That being said, the I Spit On Your Grave remake is worth discussing for other reasons.
I like that the film shows restraint in graphically depicting the abuses heaped on Jennifer Hills. A lot of times they degrade her with insults and treat her less than human, but they don't go for ripping the clothes off right away. When her attackers mock her writing it seems like a bigger, more devastating exposure than anything they can do to her body because what they choose to read aloud is like pulling a secret out of her. Butler, I think, plays these violations very well.
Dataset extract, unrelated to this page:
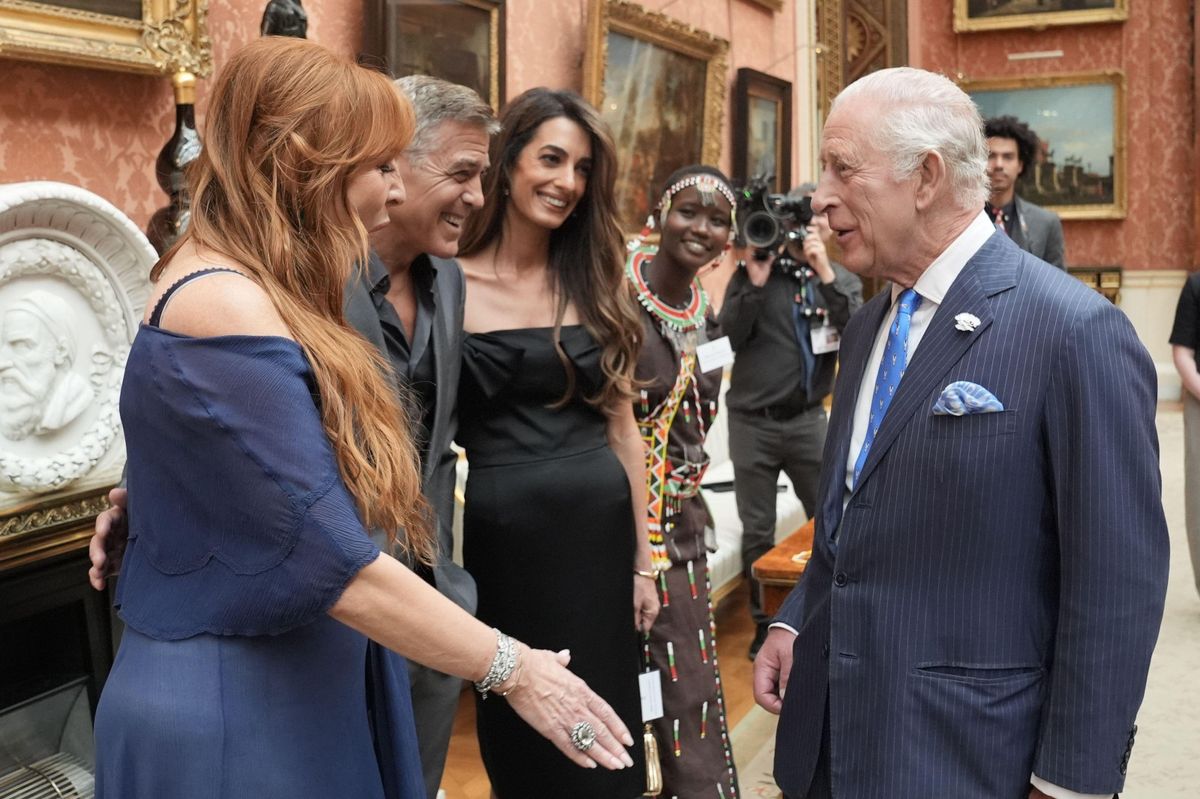 Amal Clooney u Buckinghamskoj palači - 1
For something that falls in the torture porn vein the murders aren't terribly graphic in the way they would be if the film were from Alexander Aja or any of the Saw filmmakers, but they have a very precise way of getting to the point and being very literal. The filmmaker has his eyes pried open with fish hooks, the sheriff receives a rape in kind, the mentally handicapped guy is the recipient of failed strangulation, another is drowned, etc. I like to think that the on the nose quality of the murders comes from the fact that the heroine is a writer so she makes things literal, brings them full circle and even relies on various and sundry cliches like sneaking up on people and knocking them out with lug wrenches or baseball bats. I want to believe that her job allows her to tap into creative impulses and the familiar. It's easier believing these things come from a creative reservoir she has as a writer than being the terrible things that everyone has simmering just below their own surface. It probably isn't true, she's as guilty of having an animal just below her skin as the rest of us, but if we can believe for a second that she learned this because of her job and not because we all have an evil nature then we can believe we've evolved past an animal state, we can believe in monogamy and even that what we suffer doesn't truly destroy us. It pushes us through to hope.